▶ Description of the task
In the records below, find the line that contains "evolutionarily beneficial to" and the line that contains "a necessary advantage.". Set down exactly those lines and every line between them, and nothing more.

▶ Record extracts
>>

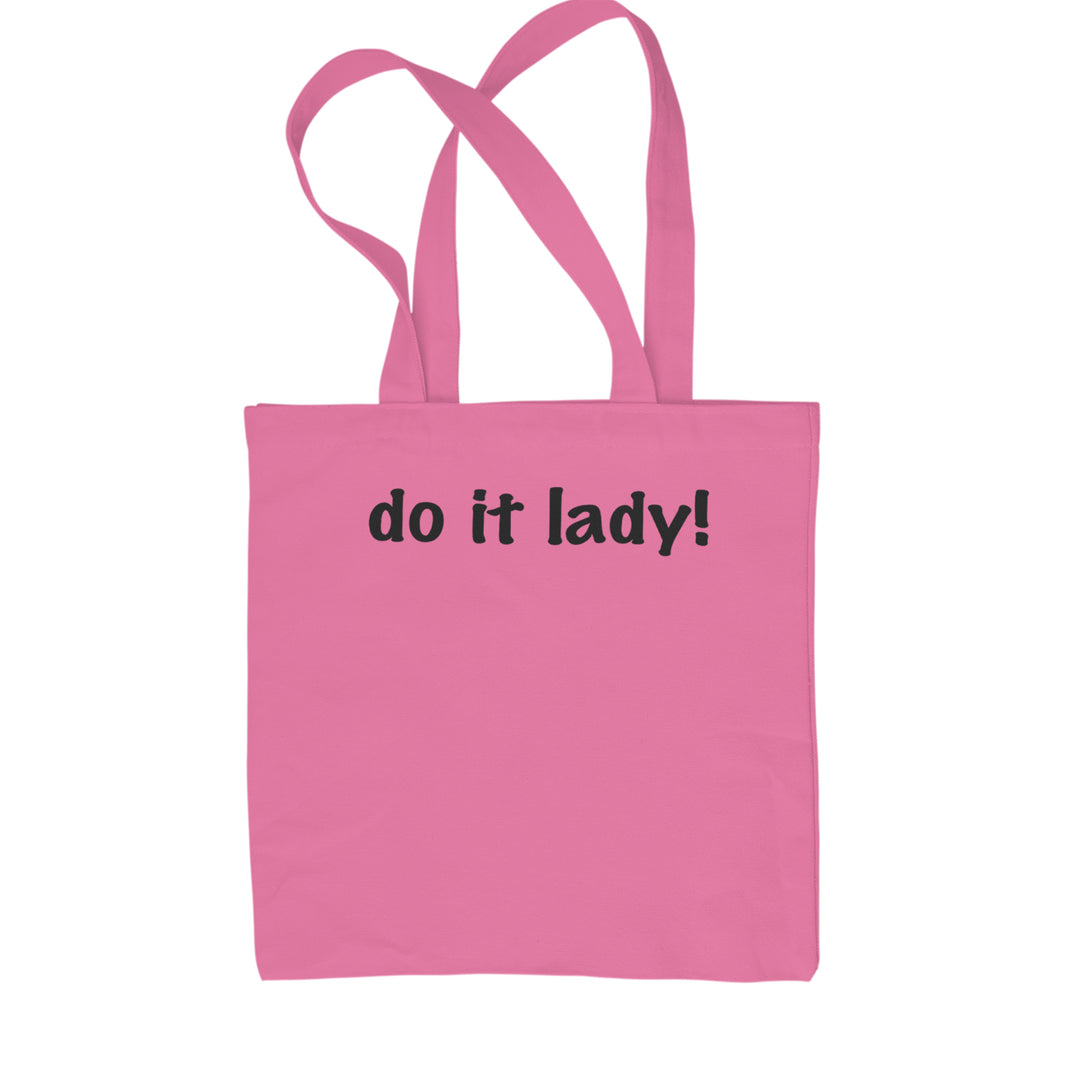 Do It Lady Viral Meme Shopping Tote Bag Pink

<<
>>

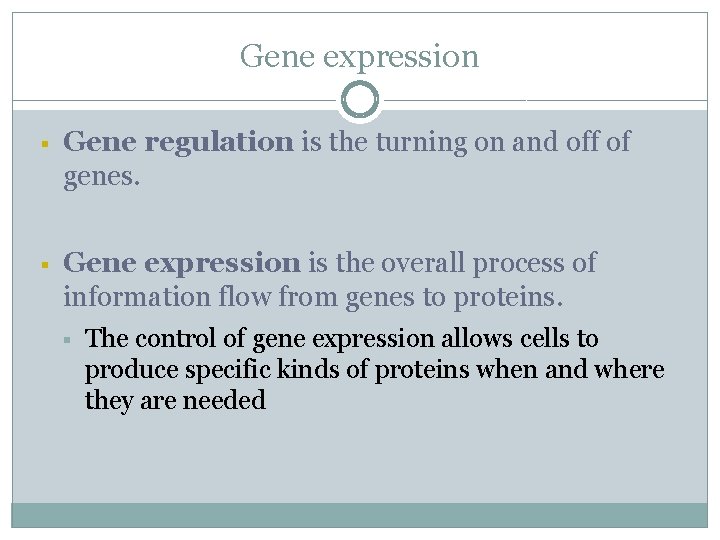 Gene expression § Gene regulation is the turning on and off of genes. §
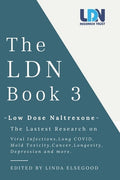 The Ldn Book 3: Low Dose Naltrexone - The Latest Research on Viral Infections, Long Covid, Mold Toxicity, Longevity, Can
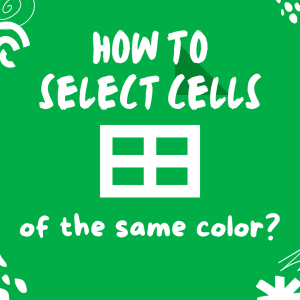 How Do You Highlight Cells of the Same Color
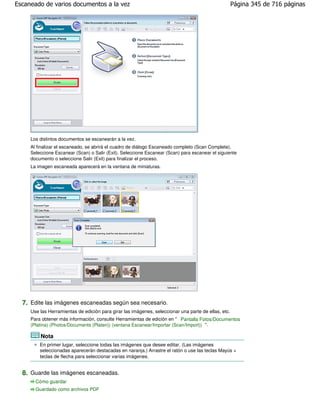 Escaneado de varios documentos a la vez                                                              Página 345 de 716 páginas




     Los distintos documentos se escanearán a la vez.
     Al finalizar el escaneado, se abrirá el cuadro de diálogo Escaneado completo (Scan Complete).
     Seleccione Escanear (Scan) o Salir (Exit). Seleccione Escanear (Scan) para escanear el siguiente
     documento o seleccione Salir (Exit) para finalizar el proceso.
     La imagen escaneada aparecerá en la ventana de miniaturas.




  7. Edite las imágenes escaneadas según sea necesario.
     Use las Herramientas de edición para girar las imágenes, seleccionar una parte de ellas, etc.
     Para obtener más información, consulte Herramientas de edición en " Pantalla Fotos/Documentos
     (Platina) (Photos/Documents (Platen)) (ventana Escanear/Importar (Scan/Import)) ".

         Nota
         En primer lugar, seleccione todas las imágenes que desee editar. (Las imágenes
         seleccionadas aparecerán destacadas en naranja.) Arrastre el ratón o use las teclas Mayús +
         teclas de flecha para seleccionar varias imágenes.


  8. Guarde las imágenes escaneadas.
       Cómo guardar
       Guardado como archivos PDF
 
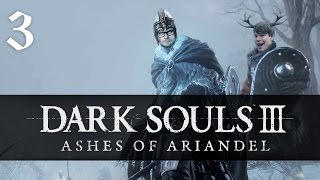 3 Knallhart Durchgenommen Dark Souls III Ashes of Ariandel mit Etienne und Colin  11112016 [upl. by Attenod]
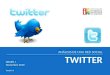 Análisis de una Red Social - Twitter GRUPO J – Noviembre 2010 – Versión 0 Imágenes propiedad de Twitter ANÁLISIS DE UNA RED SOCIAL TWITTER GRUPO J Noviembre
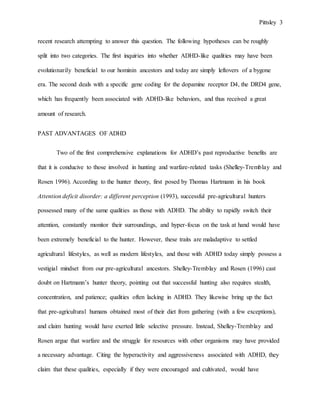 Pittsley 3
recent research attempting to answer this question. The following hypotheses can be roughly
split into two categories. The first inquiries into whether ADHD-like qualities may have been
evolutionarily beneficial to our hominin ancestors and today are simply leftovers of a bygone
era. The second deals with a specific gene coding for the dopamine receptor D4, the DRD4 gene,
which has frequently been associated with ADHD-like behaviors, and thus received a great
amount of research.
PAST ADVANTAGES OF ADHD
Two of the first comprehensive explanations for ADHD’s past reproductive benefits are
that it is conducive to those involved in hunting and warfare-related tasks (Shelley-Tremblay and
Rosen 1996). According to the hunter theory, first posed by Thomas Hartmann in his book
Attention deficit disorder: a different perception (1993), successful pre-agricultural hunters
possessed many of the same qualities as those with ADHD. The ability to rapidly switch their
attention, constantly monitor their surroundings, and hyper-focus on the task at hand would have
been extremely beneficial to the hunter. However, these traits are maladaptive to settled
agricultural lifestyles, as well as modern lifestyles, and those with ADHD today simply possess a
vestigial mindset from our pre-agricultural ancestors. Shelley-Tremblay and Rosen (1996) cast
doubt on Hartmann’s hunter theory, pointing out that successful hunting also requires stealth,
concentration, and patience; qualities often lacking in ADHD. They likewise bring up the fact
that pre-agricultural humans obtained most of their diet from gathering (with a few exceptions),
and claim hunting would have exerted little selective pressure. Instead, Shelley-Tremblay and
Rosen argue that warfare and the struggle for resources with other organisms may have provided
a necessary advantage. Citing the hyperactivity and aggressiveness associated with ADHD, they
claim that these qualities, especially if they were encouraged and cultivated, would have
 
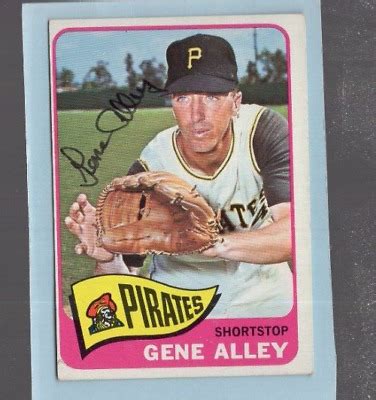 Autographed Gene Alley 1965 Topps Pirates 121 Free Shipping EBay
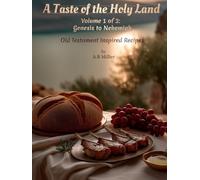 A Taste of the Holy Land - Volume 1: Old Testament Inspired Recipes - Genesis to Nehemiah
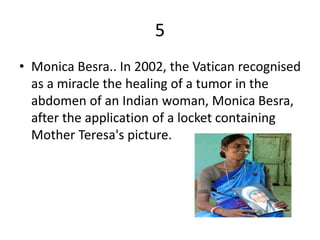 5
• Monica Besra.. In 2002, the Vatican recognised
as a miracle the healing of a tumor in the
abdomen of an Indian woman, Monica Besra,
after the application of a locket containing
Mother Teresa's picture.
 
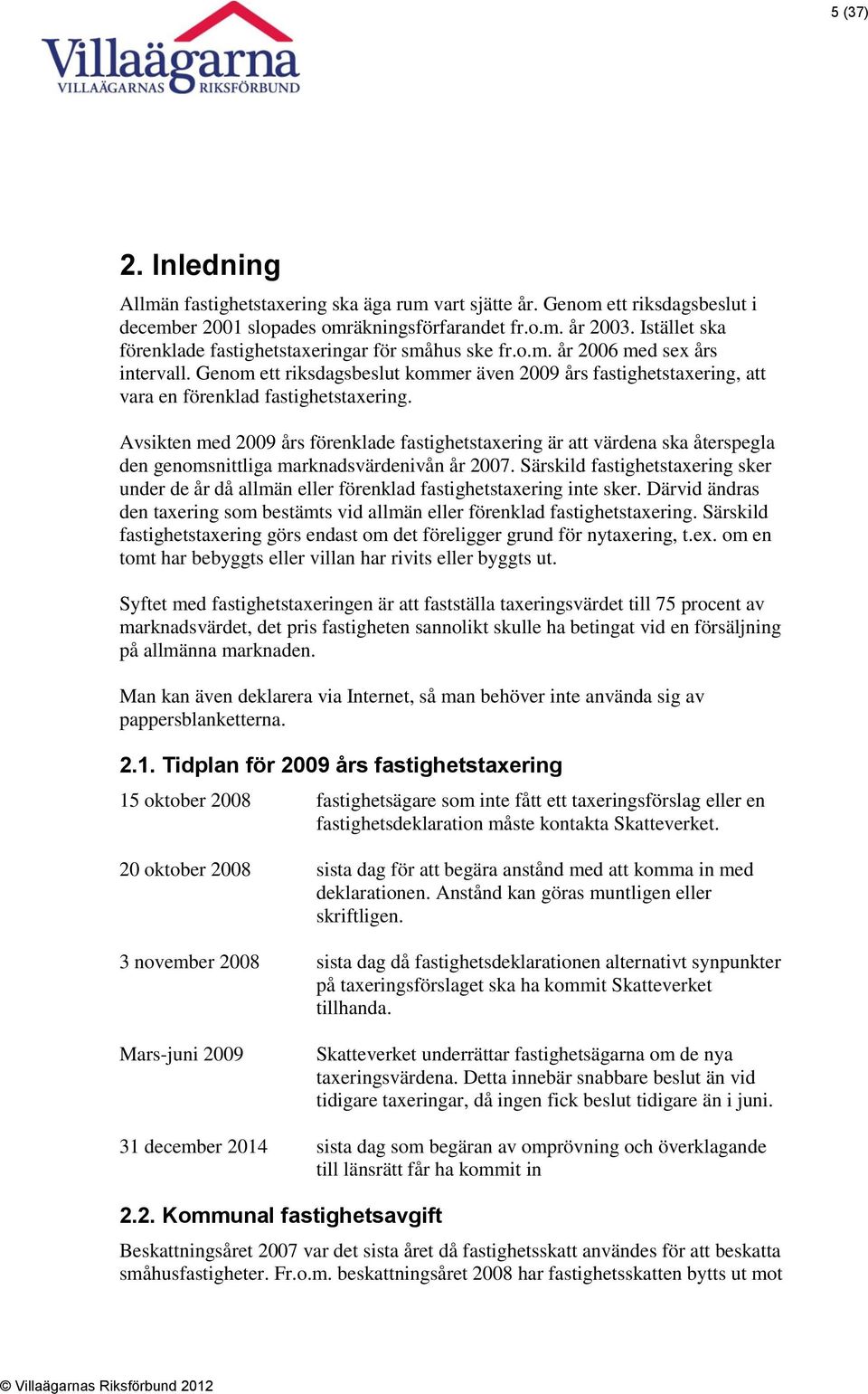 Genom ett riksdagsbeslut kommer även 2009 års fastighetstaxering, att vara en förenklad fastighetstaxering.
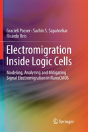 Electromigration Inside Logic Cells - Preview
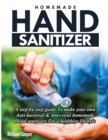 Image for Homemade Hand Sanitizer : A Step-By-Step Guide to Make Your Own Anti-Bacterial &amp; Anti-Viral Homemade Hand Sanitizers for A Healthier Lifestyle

<<

▶ Solution to this task
evolutionarily beneficial to our hominin ancestors and today are simply leftovers of a bygone
era. The second deals with a specific gene coding for the dopamine receptor D4, the DRD4 gene,
which has frequently been associated with ADHD-like behaviors, and thus received a great
amount of research.
PAST ADVANTAGES OF ADHD
Two of the first comprehensive explanations for ADHD’s past reproductive benefits are
that it is conducive to those involved in hunting and warfare-related tasks (Shelley-Tremblay and
Rosen 1996). According to the hunter theory, first posed by Thomas Hartmann in his book
Attention deficit disorder: a different perception (1993), successful pre-agricultural hunters
possessed many of the same qualities as those with ADHD. The ability to rapidly switch their
attention, constantly monitor their surroundings, and hyper-focus on the task at hand would have
been extremely beneficial to the hunter. However, these traits are maladaptive to settled
agricultural lifestyles, as well as modern lifestyles, and those with ADHD today simply possess a
vestigial mindset from our pre-agricultural ancestors. Shelley-Tremblay and Rosen (1996) cast
doubt on Hartmann’s hunter theory, pointing out that successful hunting also requires stealth,
concentration, and patience; qualities often lacking in ADHD. They likewise bring up the fact
that pre-agricultural humans obtained most of their diet from gathering (with a few exceptions),
and claim hunting would have exerted little selective pressure. Instead, Shelley-Tremblay and
Rosen argue that warfare and the struggle for resources with other organisms may have provided
a necessary advantage. Citing the hyperactivity and aggressiveness associated with ADHD, they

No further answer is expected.